Première
par Christophe Narbonne
Avec Mal de Pierres, Nicole Garcia signe un grand mélo au classicisme épuré. Marion Cotillard impressionne.
On le pressentait à l’annonce de la sélection, Mal de Pierres serait le grand film « qualité française » de la Compétition avec ce que cela comporte de qualités et de défauts. Evacuons les défauts, qui sont peu nombreux : une certaine joliesse dans la mise en scène, plus illustrative qu’autre chose ; un léger manque de vertige et de viscéralité. Pour le reste, Nicole Garcia s’acquitte avec les honneurs du cahier des charges qui lui était impartie, à savoir respecter les règles du film de folie (présentation du « mal », mise à l’index, enfermement, possibilité d’une échappée) puisque c’est bien de ça dont il s’agit. Du portrait d’une jeune femme éperdument romantique (exaltée, hystérique, érotomane ou hypersensible, ça marche aussi) qui se perd dans une quête d’amour impossible, celui qu’elle éprouve pour un soldat rencontré dans le spa où elle est soignée pour des calculs rénaux.

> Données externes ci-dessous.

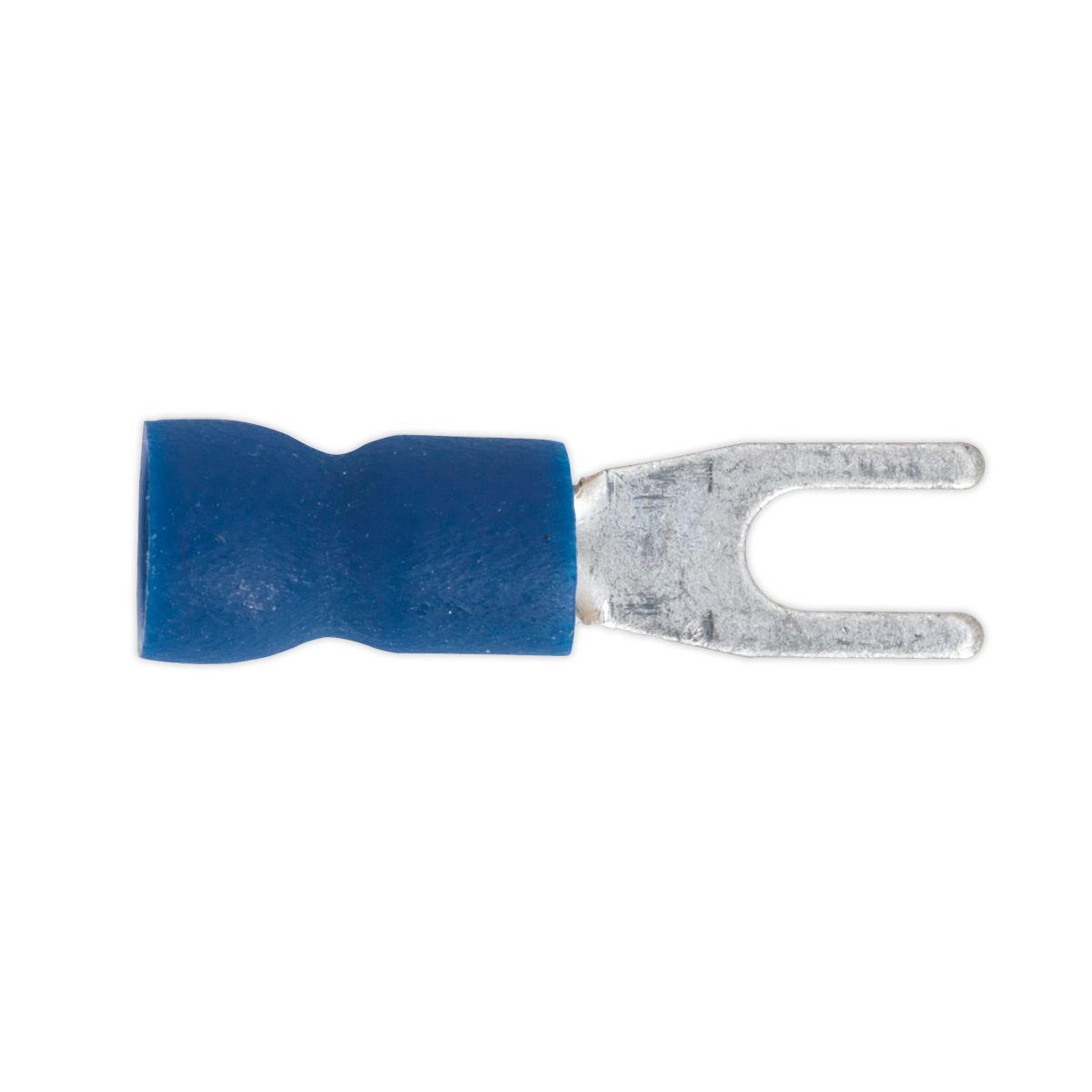 Easy-Entry Fork Terminal Ø3.7mm (4BA) Blue Pack of 100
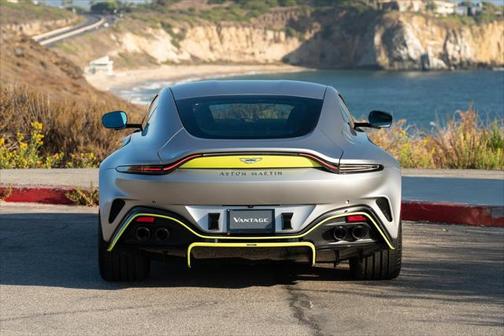 2025 Aston Martin Vantage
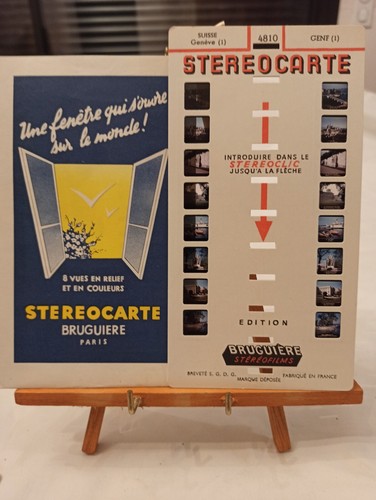 Stereocarte bruguiere 4810 - stereocarte, -bruguiere-4810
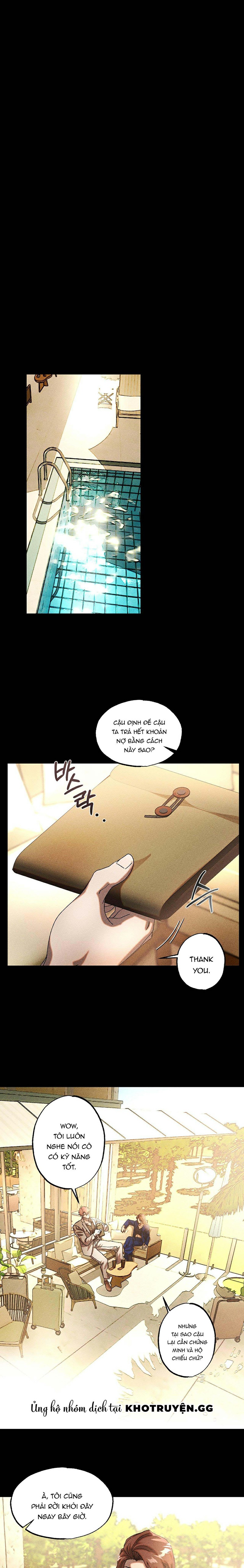 Vay Và Trả Chapter 30 - Trang 2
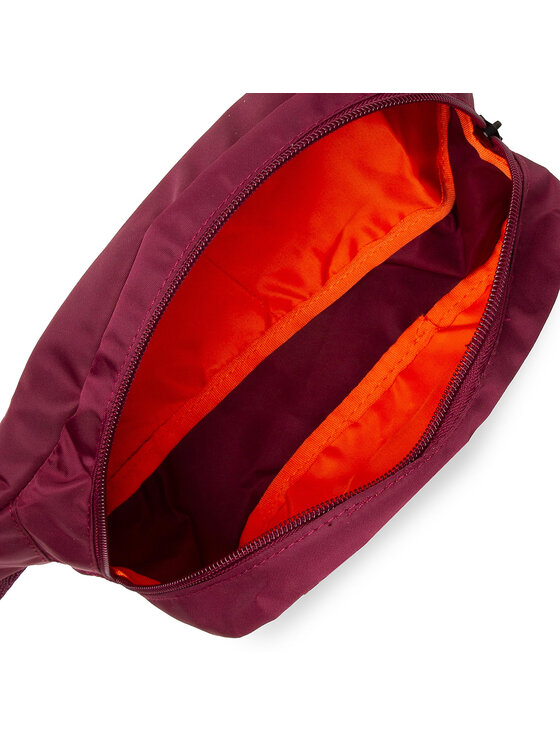 Alpha Industries Сумка на пояс﻿ Alpha Industries Crew Carry Bag 196923 Бордовий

Sachant que cette Gabrielle a été mariée de force à un taiseux espagnol qu’elle n’aime pas, les enjeux dramatiques sont importants et bouclés avec un souci égal de justesse et de profondeur.
Indispensable Cotillard
Présente du premier au dernier plan, Marion Cotillard est l’attraction principale de Mal de Pierres. La star française, qui affectionne les rôles ambigus et follement nuancés, est servie : tour à tour sauvage, taciturne, résignée, passionnée, en perdition, la Gabrielle qu’elle compose rejoint Edith, Marie, Ewa, Stéphanie ou Sandra au panthéon de ses grandes performances tout en cassures. Elle n’éclipse pas pour autant ses partenaires masculins qui, malgré des rôles plus en retrait, existent pleinement à l’écran. Louis Garrel (le militaire), d’une sobriété inédite, incarne à la perfection une forme de fantasme masculin ultime contre lequel les rêves d’absolu de Gabrielle viennent se cogner. Quant à Alex Brendemühl (le mari), il joue peut-être le rôle le plus ingrat du film et le plus payant à la fois. Son amour muet et entier pour Gabrielle prend une dimension inattendue lors du surprenant -bien qu’un peu surfait- dénouement qui donne à relativiser son personnage, bien plus épais qu’on ne le pensait.